The butler passed Coverly a cocktail on a tray. He had never drunk a martini cocktail before and to conceal his inexperience he raised the glass to his lips and drained it. He didn’t cough and sputter but his eyes swam with tears, the gin felt like fire and some oscillation or defense mechanism in his larynx began to palpitate in such a way that he found himself unable to speak. He settled down to a paroxysm of swallowing. “Of course, this isn’t my idea of a decent room at all,” Cousin Mildred went on. “It’s all Harry’s idea. I’d much rather have called in a decorator and gotten something comfortable but Harry’s mad for New England. He’s an adorable man and a wizard in the carpet business, but he doesn’t come from anyplace really. I mean he doesn’t have anything nice to remember and so he borrows other people’s memories. He’s really more of a Wapshot than you or I.”

“Does he know about Benjamin’s ear?” Coverly asked hoarsely. It was still hard for him to speak.

“My dear, he knows the family history backwards and forwards,” Cousin Mildred said. “He went to England and had the name traced back to Vaincre-Chaud and he got the crest. I’m sure he knows more about Lorenzo than Honora ever did. He bought all these things from your mother and I must say he paid for them generously and I’m not absolutely sure that your mother—I don’t mean to say that your mother was untruthful—but you know that old traveling desk that always used to be full of mice?
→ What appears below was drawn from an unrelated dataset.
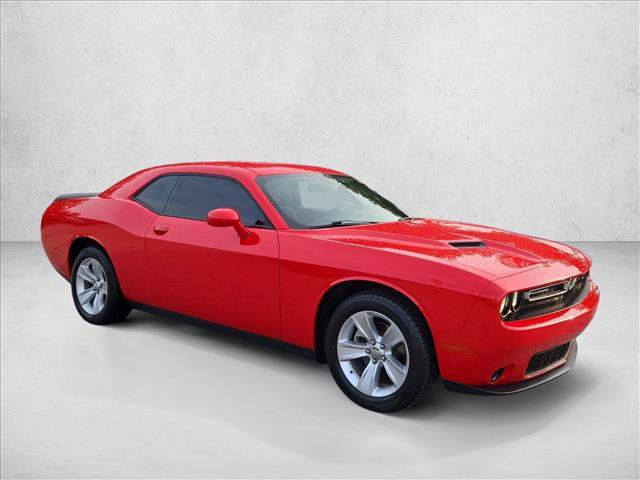Used 2023 Dodge Challenger SXT RWD video 3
Well, your mother wrote and said that it belonged to Benjamin Franklin and I don’t ever remember having heard that before.”

This hint or slur at his mother’s veracity made Coverly feel sad and homesick and annoyed with his cousin’s rattling conversational style and the pretentions of simplicity and homeliness in her parlor and he might have said something about this, but the butler refilled his glass again and when he took another gulp of gin the oscillations in his larynx began all over again and he couldn’t speak. Then Mr. Brewer came in—he was much shorter than his wife—a jolly pink-faced man with a quietness that might have been developed to complement the noise she made. “So you’re a Wapshot,” he said to Coverly when they shook hands. “Well, as Mildred may have told you, I’m very much interested in the family. Most of these things come from the homestead in St. Botolphs. That cradle rocked four generations of the Wapshot family. It was made by the village undertaker. That tulip-wood table was made from a tree that stood on the lawn at West Farm. Lafayette rode under this tree in 1815. The portrait over the mantelpiece is of Benjamin Wapshot. This chair belonged to Lorenzo Wapshot. He used it during his two terms in the state legislature.” With this Mr. Brewer sat down in Lorenzo’s chair and at the feel of this relic beneath him a smile of such sensual gratification spread over his face that he might have been squeezed between two pretty women on a sofa. “Coverly has the nose,” Cousin Mildred said. “I’ve told him that I could have picked him out in a crowd. I mean I would have known that he was a Wapshot. It will be so nice having him work for you. I mean it will be so nice having a Wapshot in the firm.”

It was quite some time before Mr. Brewer replied to this but he smiled broadly at Coverly all during the pause and so it was not an anxious silence and during it Coverly decided that he liked Mr. Brewer tremendously. “Of course, you’ll have to start at the bottom,” Mr. Brewer said.

“Oh, yes sir,” Coverly exclaimed; his father’s son. “I’ll do anything sir. I’m willing to do anything.”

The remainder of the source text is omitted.